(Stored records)
==============================

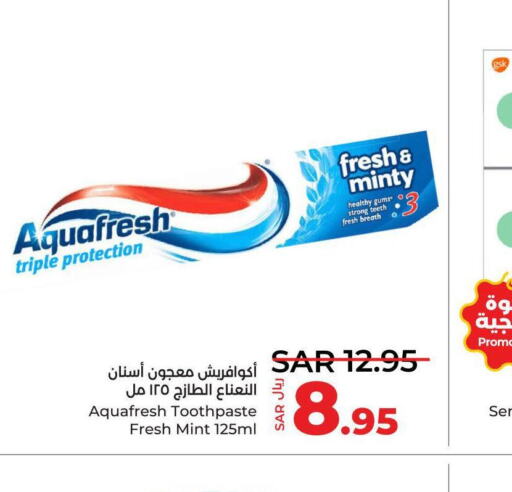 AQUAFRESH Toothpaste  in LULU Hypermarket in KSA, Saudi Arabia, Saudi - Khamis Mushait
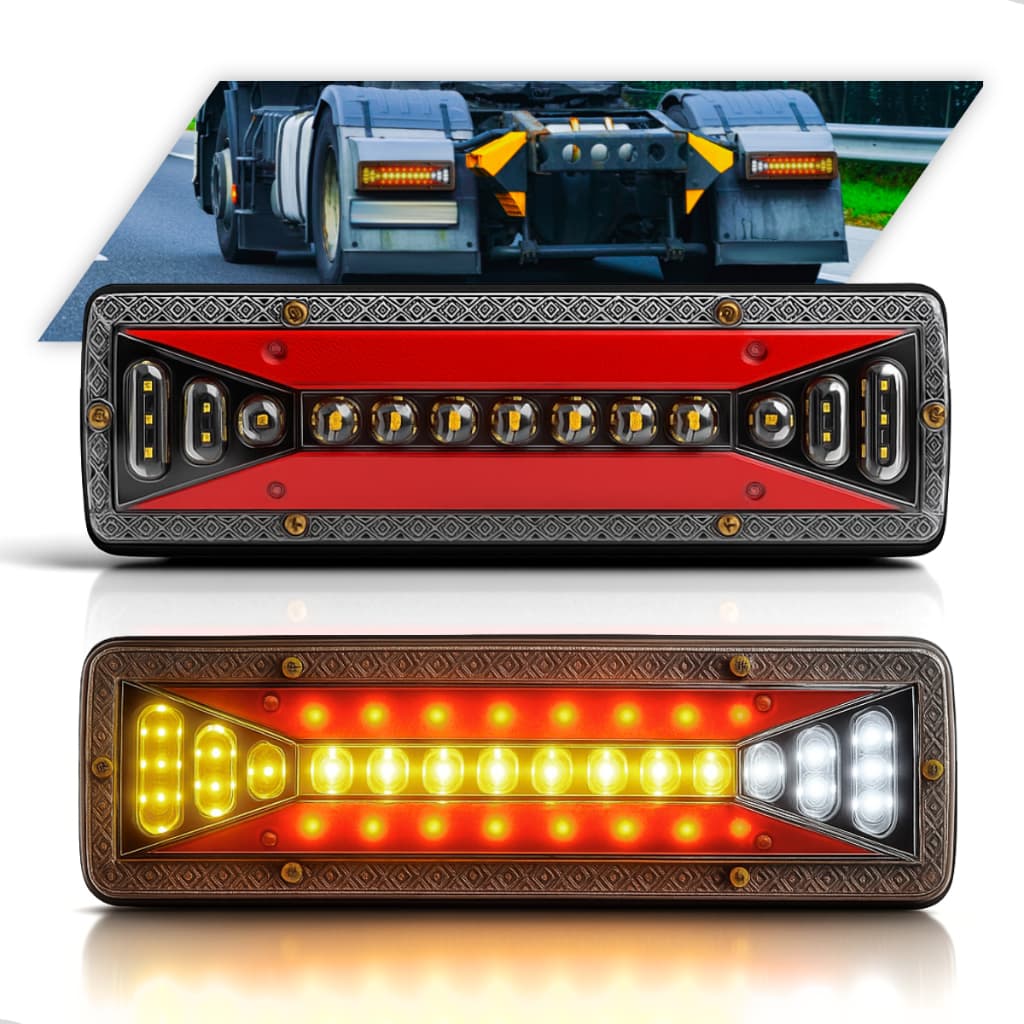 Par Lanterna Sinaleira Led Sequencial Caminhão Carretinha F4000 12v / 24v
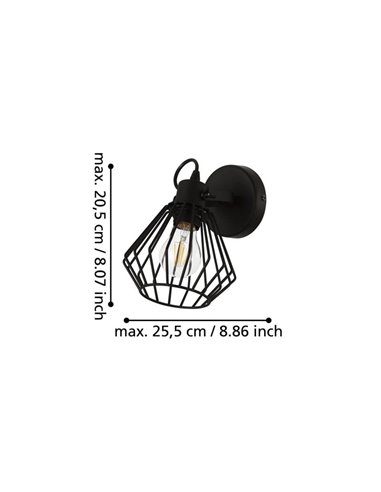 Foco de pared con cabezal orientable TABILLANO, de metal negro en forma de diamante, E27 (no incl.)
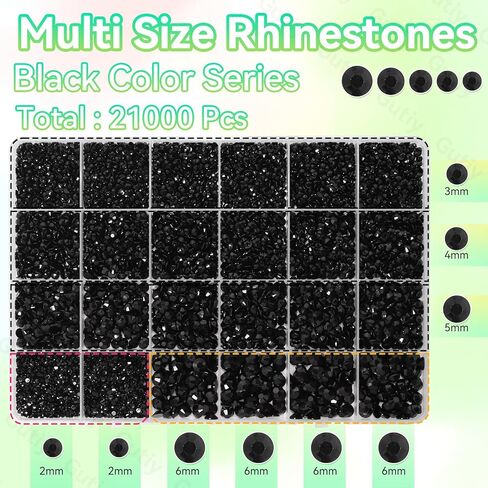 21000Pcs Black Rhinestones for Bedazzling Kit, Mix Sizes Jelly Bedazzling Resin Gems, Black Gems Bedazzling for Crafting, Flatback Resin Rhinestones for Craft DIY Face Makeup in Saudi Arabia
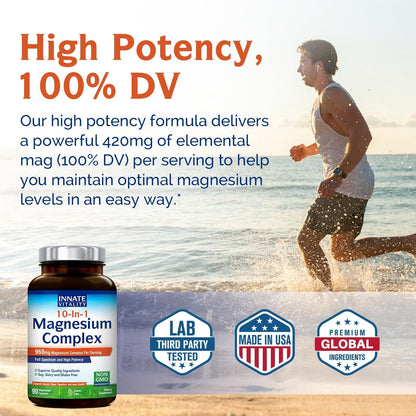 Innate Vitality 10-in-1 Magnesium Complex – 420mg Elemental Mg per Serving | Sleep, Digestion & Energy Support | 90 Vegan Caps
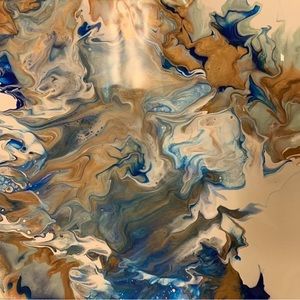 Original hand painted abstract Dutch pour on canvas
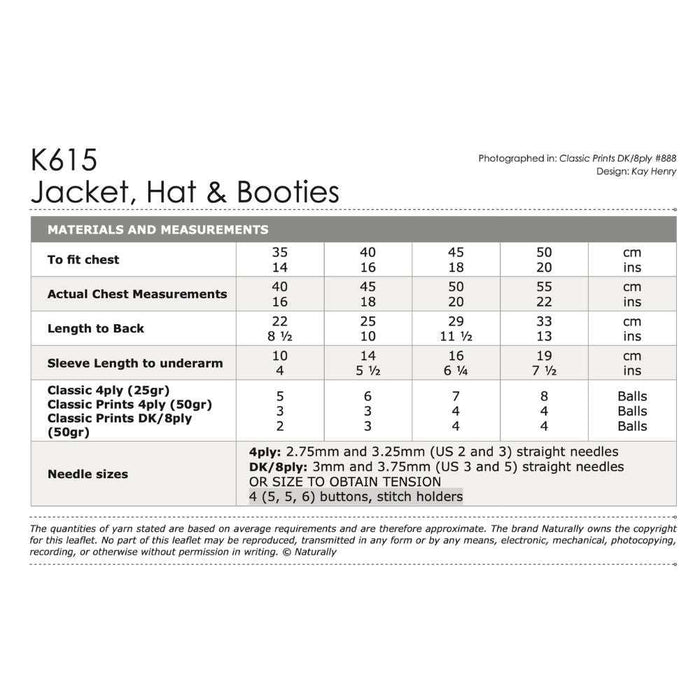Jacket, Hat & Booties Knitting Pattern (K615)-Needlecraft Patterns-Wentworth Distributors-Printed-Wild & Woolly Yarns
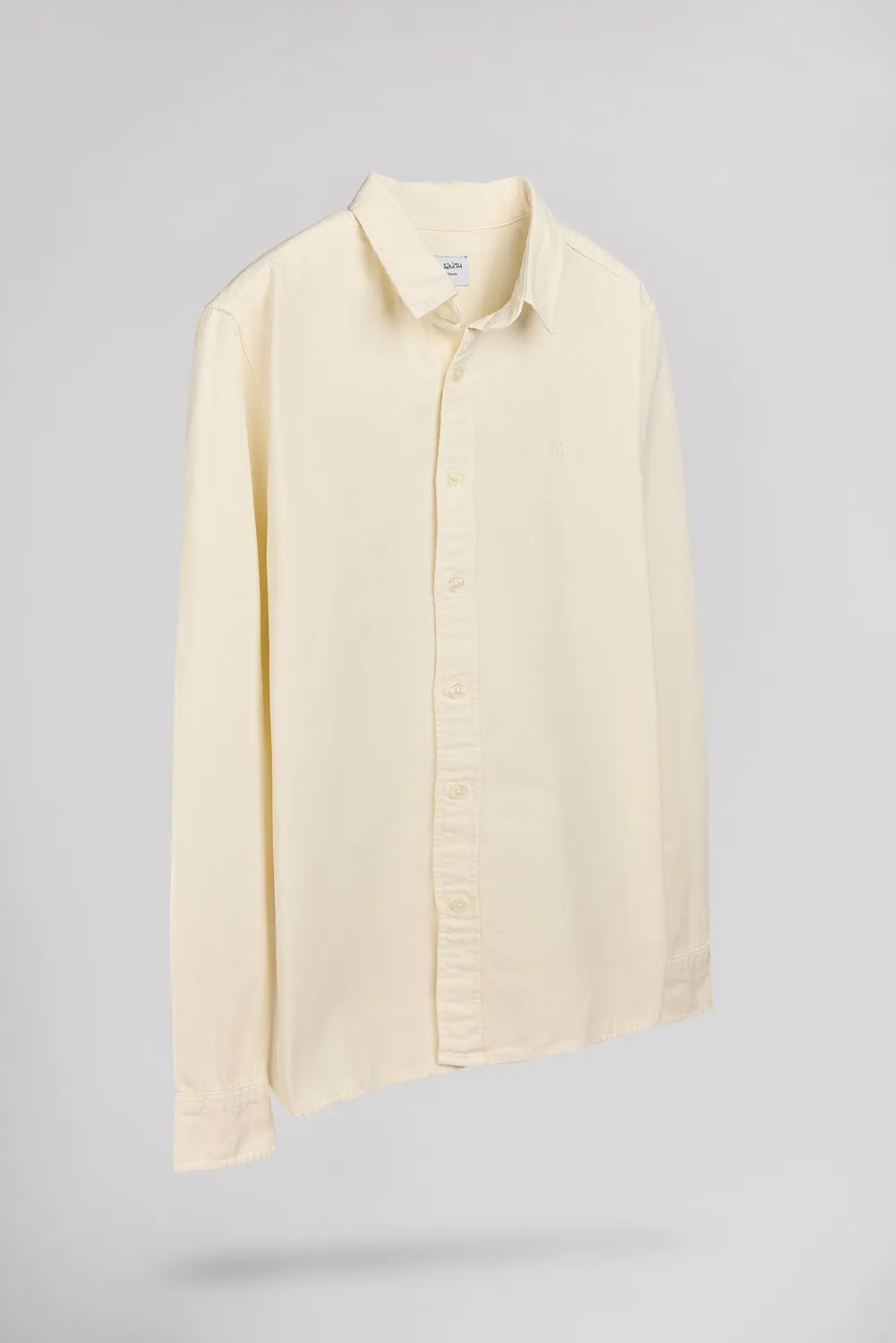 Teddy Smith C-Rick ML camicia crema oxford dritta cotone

==============================

Reproduce each entry exactly as written, but leave out the images.

### Output of the exercise
 AQUAFRESH Toothpaste  in LULU Hypermarket in KSA, Saudi Arabia, Saudi - Khamis Mushait
 Par Lanterna Sinaleira Led Sequencial Caminhão Carretinha F4000 12v / 24v
 Foco de pared con cabezal orientable TABILLANO, de metal negro en forma de diamante, E27 (no incl.)
 21000Pcs Black Rhinestones for Bedazzling Kit, Mix Sizes Jelly Bedazzling Resin Gems, Black Gems Bedazzling for Crafting, Flatback Resin Rhinestones for Craft DIY Face Makeup in Saudi Arabia
 Innate Vitality 10-in-1 Magnesium Complex – 420mg Elemental Mg per Serving | Sleep, Digestion & Energy Support | 90 Vegan Caps
 Original hand painted abstract Dutch pour on canvas
Jacket, Hat & Booties Knitting Pattern (K615)-Needlecraft Patterns-Wentworth Distributors-Printed-Wild & Woolly Yarns
 Teddy Smith C-Rick ML camicia crema oxford dritta cotone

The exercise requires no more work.